What is Continuous Deployment?
Continuous Deployment (CD) extends CI by automatically releasing passing code to an environment — staging or production — without manual intervention. You define the deployment logic once as a workflow, and every qualifying push triggers it.
Deploy to GitHub Pages
GitHub Pages is a free hosting service for static sites. Here's a workflow that builds and deploys a static site on every push to main:
name: Deploy to GitHub Pages
on:
push:
branches: [main]
permissions:
contents: read
pages: write
id-token: write
concurrency:
group: pages
cancel-in-progress: true
jobs:
build:
runs-on: ubuntu-latest
steps:
- name: Checkout
uses: actions/checkout@v4
- name: Set up Node.js
uses: actions/setup-node@v4
with:
node-version: "20"
- name: Install dependencies
run: npm ci
- name: Build
run: npm run build
- name: Upload pages artifact
uses: actions/upload-pages-artifact@v3
with:
path: ./build
deploy:
needs: build
runs-on: ubuntu-latest
environment:
name: github-pages
url: ${{ steps.deployment.outputs.page_url }}
steps:
- name: Deploy to GitHub Pages
id: deployment
uses: actions/deploy-pages@v4
Deploy on a Tag Push
Trigger deployment only when a release tag is pushed:
on:
push:
tags:
- "v*"
Deploy to a Custom Server via SSH
- name: Deploy via SSH
uses: appleboy/ssh-action@v1.0.3
with:
host: ${{ secrets.SERVER_HOST }}
username: ${{ secrets.SERVER_USER }}
key: ${{ secrets.SSH_PRIVATE_KEY }}
script: |
cd /var/www/myapp
git pull origin main
npm ci
npm run build
pm2 restart app
Use Repository Secrets for Credentials
Never hard-code API keys or passwords in workflow files.
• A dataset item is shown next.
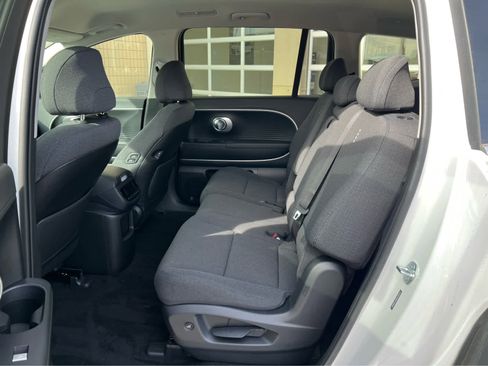 New 2026 Hyundai Ioniq 9 SE image 27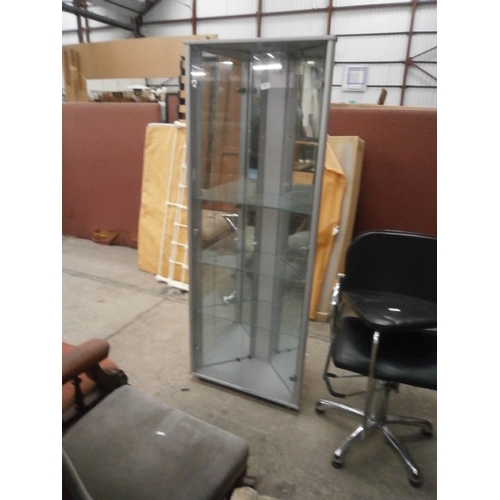 693 - A mirror backed corner cabinet with 2 x glass doors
Store them as repository secrets:
- Go to your repository → Settings → Secrets and variables → Actions.
- Click New repository secret.
- Reference them in your workflow as
${{ secrets.MY_SECRET }}.
Always use secrets for credentials, tokens, and SSH keys. Workflow YAML files are committed to your repository and visible to anyone with access. A secret in a YAML file is a security incident.
Use deployment environments (Settings → Environments) to require manual approval before deploying to production. This gives you a human checkpoint even in a fully automated pipeline.
Common Mistakes
Committing secrets directly in the workflow file — rotate any exposed credentials immediately and use GitHub Secrets instead.
Not testing the deployment workflow before pointing it at production — test against a staging environment or a separate repository first.
Missing permissions for GitHub Pages — the permissions block in the workflow must include pages: write and id-token: write or the deployment will fail with a permissions error.